学問で言えば本当に基礎的な部分に相当するので、これを習得するメリットが見えにくいのは事実ですが、覚えておいて損はないと思います。大体、ILなんて「単純」なので、難しそうで実は簡単なんですよ!(きわめて抽象度の高い概念を覚える事に比べたら、どんな人でも覚えれる可能性があります)。

Let’s IL!!

それではまた。

ILのキホン – 第五回Center CLR年末会

WP_20151226_14_13_25_Pro_LI「ILのキホン」と言う題目で、Center CLR年末会で登壇してきました。

Center CLRも第五回で、毎回参加の方と新しく参加の方で程よく盛り上がってうれしい感じです。ChalkTalkもそうですが、遠方からわざわざ参加して頂いた方もありがとうございます。来年も継続して行きたいと思います。

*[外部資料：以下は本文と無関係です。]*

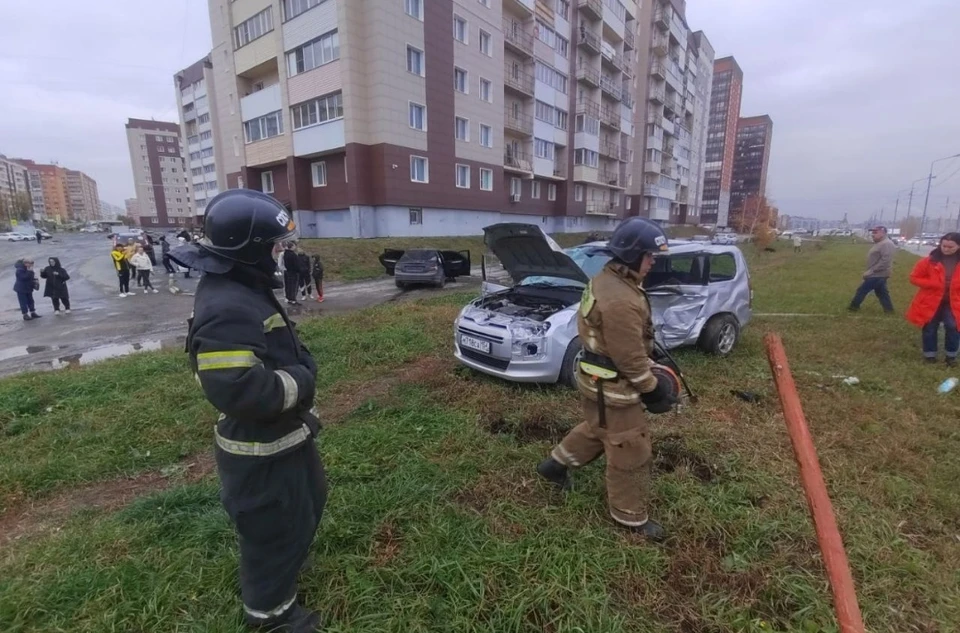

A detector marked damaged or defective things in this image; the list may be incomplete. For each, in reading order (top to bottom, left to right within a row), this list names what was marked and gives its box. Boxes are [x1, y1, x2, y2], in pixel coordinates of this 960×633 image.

さて、今回のネタは結構前から決めていたものの、年末の忙しさの為に十分な時間が取れず、直前に方針を決めてバタバタしてしまいました。猛省…

と言う事だけではないんですが、ちょっとセッションの進行を変えてみました。


Intermediate Languageのキホン

ILの事については、第一回のChalkTalk CLRで「ChalkTalk CLR – 動的コード生成技術(式木・IL等)」と題してディスカッションを行ったのですが、今回は本会でその展開をしようと思ったのです。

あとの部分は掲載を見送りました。